Come noto, gli atleti professionisti che praticano beach soccer, insieme a tutta la classe degli sportivi che più è esposta allo sviluppo di crampi muscolari, dovrebbero incrementare in modo appropriato l’introito di fluidi ed elettroliti.
Alcuni autori raccomandano l’aggiunta di differenti quantità di sali minerali alle bevande degli sportivi (<3-6 g/L) sulla base della frequenza di comparsa di crampi muscolari durante l’attività fisica, anche se si teme che l’alta dose di sali e il basso quantitativo di liquidi di alcune bevande contribuiscano all’ipertonicità indotta dalla disidratazione, aumentando così il rischio di ipertermia e di bassa resa in termini di performance.
L’acqua naturale che non sia stata modificata o trattata chimicamente si distingue dalle altre per la sua specifica origine geologica, la sua composizione stabile in minerali e la sua purezza.

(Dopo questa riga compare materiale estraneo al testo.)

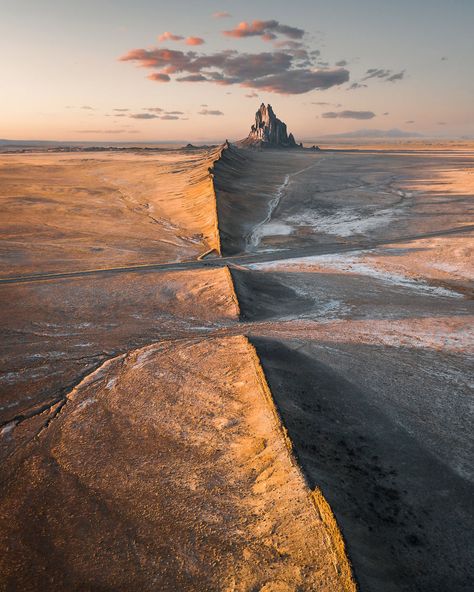 An Incredible Evening In New Mexico Shiprock New Mexico, Mexico Landscape, Zhangjiajie, Photography Apps, New Mexico Usa, Valley Of Fire, Photography Contests, Travel Images, World Best Photos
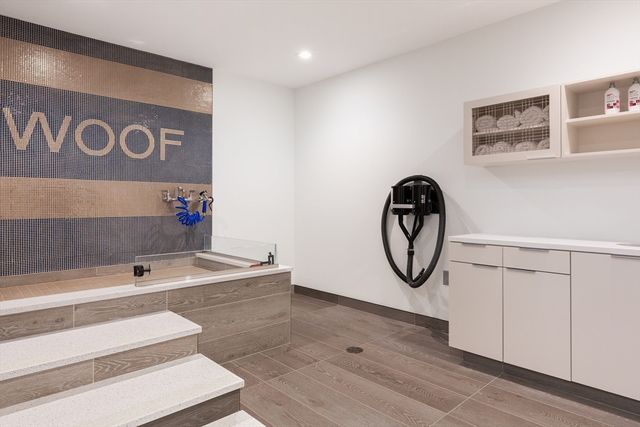 45 Temple St 212, Boston, MA 02114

L’acqua di per sé garantisce un’adeguata idratazione durante la performance; molti studi suggeriscono che i tipi di acqua che contengono alte concentrazioni di calcio e di bicarbonato possono influenzare l’equilibrio acido-base e prevenire la perdita ossea. Infatti l’acqua alcalinizzata, povera di solfati e ricca di bicarbonato, ha migliori effetti sul metabolismo osseo del calcio e sulle variazioni dei marcatori di riassorbimento osseo.

Acqua e ph

Elemento importante, dimostrato da Konig et al., è dato dal fatto che il consumo di acqua arricchita con sali minerali aumenta significativamente il ph urinario; allo stesso modo gli studi di Heil et al. hanno evidenziato che l’acqua alcalinizzata è in grado di migliorare lo stato di idratazione e le variazioni dell’equilibrio acido-base.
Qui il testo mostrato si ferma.